Garbage Collector Penalty and Deployment
Benefits of Deploying Immutable Database to CDN
There is a question on benchmarks comparing to Elastic Search. We are about to release them. Deploying an immutable database to a CDN offers advantages, such as personalized search experiences. Boosting documents instead of fields can increase conversion for users. Thank you for joining the Q&A room.
Yeah, makes sense. Yeah, there is also a question on benchmarks comparing to Elastic Search. Do you have any references?
We are about to release them, actually, yes. And not yet. They're not public. We are about to release them.

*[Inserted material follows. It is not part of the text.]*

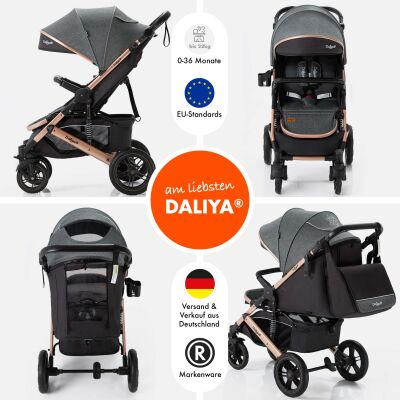 Daliya® RAPIDY Buggy Kinderwagen (Dunkelgrau-Gold)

All right, I think I need to choose a last one. Let me quickly... Oh, that's a nice one. Yeah, absolutely. This is nice because of one thing that I didn't mention. But as for now, I need to. If you deploy an immutable database to a CDN, you have some advantages. For example, if no one is searching, you're not paying anything. Which means that if you have 1000 users, you can build 1000 different indexes, deploy them to a CDN, and you're not paying anything until they start searching. Which means that every single user can have a different and customizable and personalized search experience. Right? So yes, you can boost documents instead of fields. And you can say like, Michele likes, I don't know, Violet t-shirts. So whenever he searches for t-shirts, he will have boosted fields for Violet and t-shirts together, right? Because I have maybe a search history or conversion history on e-commerce. Maybe other people like Paolo, I always joke with him because he likes yellow t-shirts. If I search t-shirts, I will have an index that will boost Violet t-shirts. Paolo will have an index that will boost yellow t-shirts. As you can see, this is increasing conversion for your users, hopefully. And so yes, definitely, you can boost documents and you should boost documents instead of fields.
All right, thank you very much. Thank you. There are much more questions. I just cannot, yeah. I don't know how it's called, but I'll be there. Yeah, exactly. It's a Q&A room. So everyone, please join in with the Q&A room. Thank you.